TASK INSTRUCTIONS -> Each and every line below goes into your answer unchanged, but leave out the images.

RECORDED INFORMATION ->

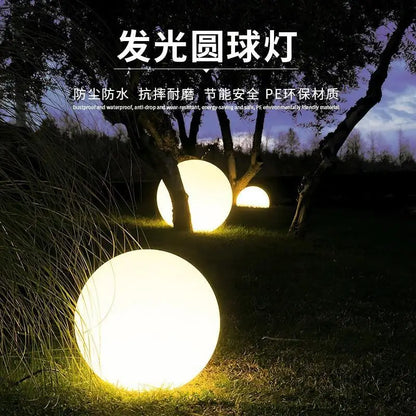 Zewnętrzne kuliste lampy LED z pilotem, wodoodporne, dekoracyjne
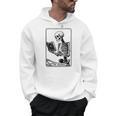 The Reader Tarot Card Skeleton Reading Book Books Men Hoodie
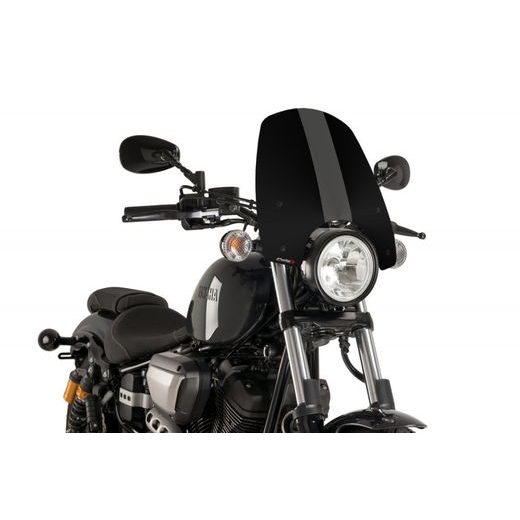 Windshield PUIG NEW. GEN TOURING 9438N črna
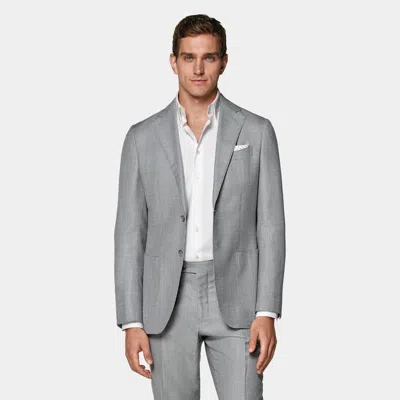 Suitsupply Light Grey Three-piece Tailored Fit Havana Suit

ANSWER SECTION ->
 Zewnętrzne kuliste lampy LED z pilotem, wodoodporne, dekoracyjne
 The Reader Tarot Card Skeleton Reading Book Books Men Hoodie
 Windshield PUIG NEW. GEN TOURING 9438N črna
 Suitsupply Light Grey Three-piece Tailored Fit Havana Suit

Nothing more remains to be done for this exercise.